«Ho detto giù le mani!»

«Jim, ma io non… tu dormivi.»

«Tu stavi perquisendomi! Che cosa cercavi, eh?»

«Jim smettila. Mi fai male.» La voce di Lola era magnificamente controllata.

«Altro che male ti farò! Ti insegno io a…» il signor Queen aprì la porta. Jim e Lola barcollavano avvinghiati in mezzo alla stanza. I due si fissavano con odio. Con un gesto elegante il signor Queen staccò Jim da Lola e lo gettò a sedere sul divano.
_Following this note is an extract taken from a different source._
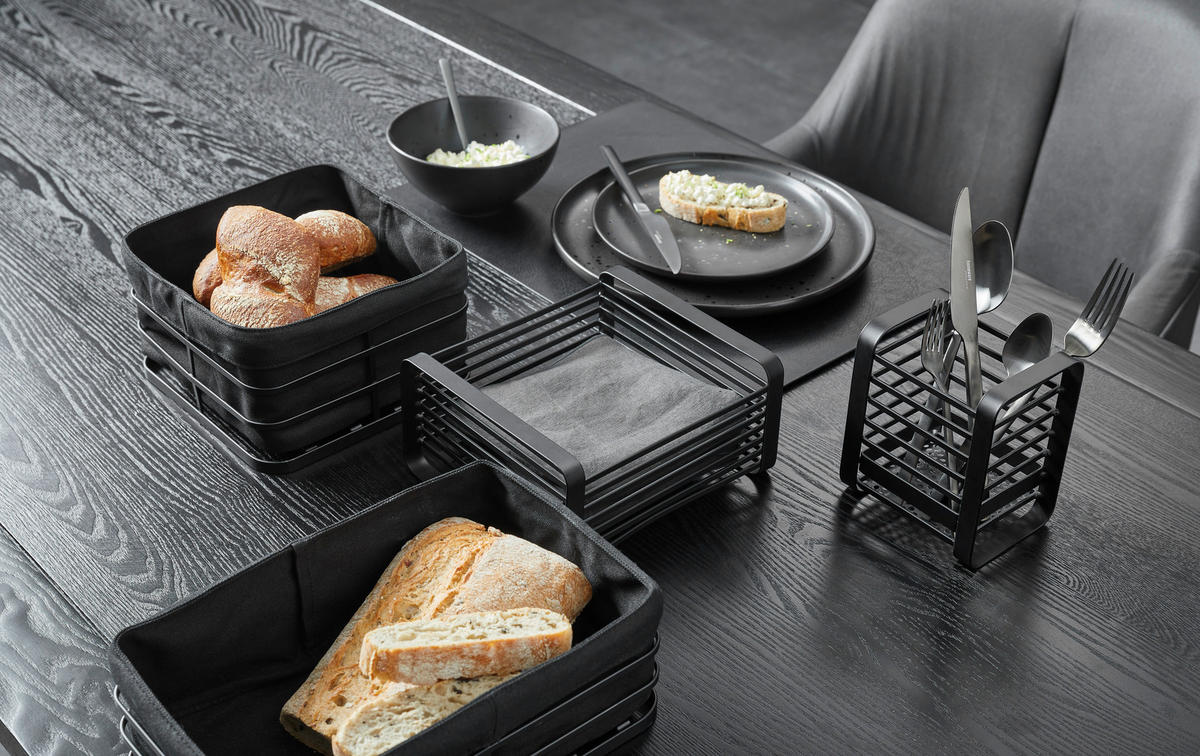 BROTKORB - Schwarz, Basics, Textil/Metall (27/17,5/9cm) - Homeware Profession.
Il giovane si coprì il viso con le mani.

«Qualche guaio, Lola?» domandò Ellery in tono distaccato.

La ragazza si aggiustò i vestiti e si ravviò i capelli senza rispondere.

«Son venuto a farle quella visitina che le dovevo da tempo» spiegò Ellery con voce mite. «Che cosa è successo a Jim?»

«È sbronzo» Lola ora era perfettamente composta. «Povera Nora! Non riesco a capire perché questo cretino sia venuto proprio qui. Pensa che sia innamorato di me?»

«È una domanda alla quale solo lei potrebbe rispondere» rise Ellery. «In quanto a lei, signor Haight, è meglio che dia la buonanotte alla cara cognatina! L’accompagno a casa!»